Bei einer Gesamtschau wird daher den übereinstimmenden Aussagen des Beschwerdeführers, der gefährdeten Person und der Zeugin EE gefolgt. Die Polizeibeamtin hat dies offensichtlich unrichtig dokumentiert. Dieser Eindruck wird auch dadurch bestätigt, dass sie in der „Dokumentation nach § 38a SPG“ auch völlig widersprüchliche Angaben des Gefährders (arg: „Heute morgen kam es zu einer körperlichen und verbalen Auseinandersetzung zwischen dem Gefährder und seiner Frau, wobei diese angegriffen wurde.“ sowie „Laut dem Gefährder gab es heute morgen lediglich eine verbale Auseinandersetzung bezüglich des Geldes für das Weihnachtsessen.“) festgehalten hat.

 

Nachvollziehbar hat die gefährdete Person anlässlich ihrer Einvernahme vor dem Landesverwaltungsgericht Tirol geschildert, wie es nach dem verbalen Streit am Morgen des 24.12.2021 und dem Abschalten ihres Handys durch den Gatten dazu gekommen ist, dass sie bei der Polizeiinspektion X eine Aussage gemacht hat.

 

Die von der gefährdeten Person vor dem Landesverwaltungsgericht Tirol geschilderten Vorfälle von der Nacht vom 12./13 Juni 2020 und am 23. oder 24. Mai 2021 sowie die Angaben zum Drogenkonsum ihres Ehegatten sowie dessen WhatsApp- und E-Mail-Nachrichten hat diese bereits anlässlich ihrer Zeugeneinvernahme am 24.12.2021 durch RevInsp. DD - weitgehend übereinstimmend - zu Protokoll gegeben (vgl dazu die Zeugenvernehmung vom 24.12.2021, GZ: ***). Auch die einschreitende Polizeibeamtin RevInsp. DD hat dies ausdrücklich bestätigt und zudem die Nachrichten des Ehegatten sowie die Fotos vom blauen Auge, die ihr damals bei der Einvernahme von der gefährdeten Person vorgezeigt wurden, mit dem Diensthandy abfotografiert (vgl Speicherdatum 24.12.2021 auf Lichtbildbeilage, Seite 8) und dem Landesverwaltungsgericht Tirol vorgelegt (vgl E-Mail vom 30.03.2022 von RevInsp. DD samt Lichtbildbeilage).

 

Die Zeugin RevInsp.
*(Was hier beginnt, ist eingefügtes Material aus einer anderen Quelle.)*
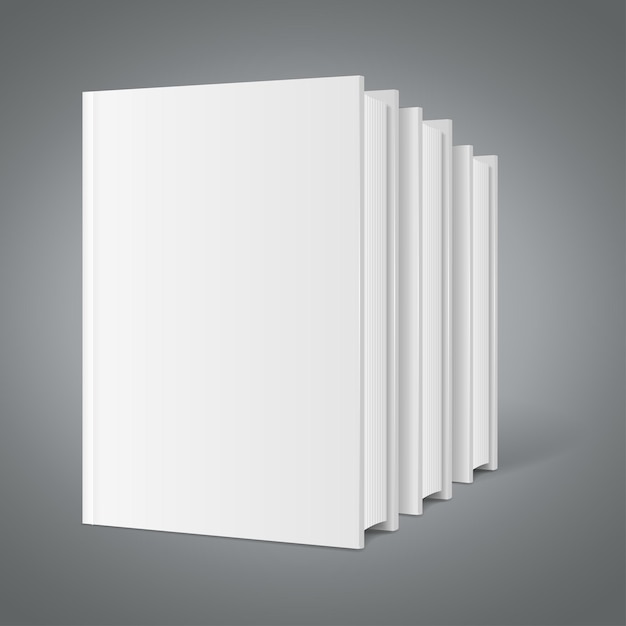 Template White Blank Book Stack. Ready for Your Design. Vector illustration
DD hat bei ihrer Zeugeneinvernahme vor dem Landesverwaltungsgericht Tirol bestätigt, dass sie der Beschwerdeführerin bereits angekündigt hat, dass es zu einem Betretungsverbot kommen wird (Protokoll, Seite 13: „Wir haben Frau CC aufgrund ihrer Schilderungen mitgeteilt, dass ein Betretungsverbot ausgesprochen werden wird, das 14 Tage dauern wird. Wir haben ihr aber auch mitgeteilt, dass wir zuerst noch mit Herrn AA Rücksprache halten müssen. Deswegen ist auch das Informationsblatt noch nicht an sie ausgehändigt worden.“).

 

Aus den Aussagen des Beschwerdeführers, der gefährdeten Person sowie der Zeugin RevInsp DD folgt die weitere Vorgangsweise: die gefährdete Person wurde zum Wohnhaus zurückgeführt und gleichzeitig der Ehegatte von Zivilbeamten abgeholt und zur Polizeiinspektion X begleitet.

 

Aus der Aussage von RevInsp DD vor dem Landesverwaltungsgericht Tirol ergibt sich nachvollziehbar, dass sie dem Beschwerdeführer zu den von der gefährdeten Person erhobenen Vorwürfen – vor Ausspruch des Betretungsverbots - kurz befragt hat. Auch wenn die Zeugin RevInsp DD zu dem Umstand, dass es am 24.12.2021 einen körperlichen Übergriff gegeben haben soll, offensichtlich einem Irrtum unterlegen ist, war ihre Aussage zur Frage, ob der Beschwerdeführer – vor Ausspruch des Betretungsverbots - gehört worden ist, sehr bestimmt und überzeugend:

„… Das Betretungsverbot habe ich Herrn AA gegenüber ausgesprochen. Ich habe das Betretungsverbot ausgesprochen, nachdem ich Herrn AA den Sachverhalt dargelegt hatte und er mir gegenüber geäußert hat, dass aus seiner Sicht nichts vorgefallen ist, sondern dass es eine bloß verbale Streitigkeit mit seiner Frau gegeben hat. Er hat die Möglichkeit gehabt, seine Sicht der Dinge darzustellen.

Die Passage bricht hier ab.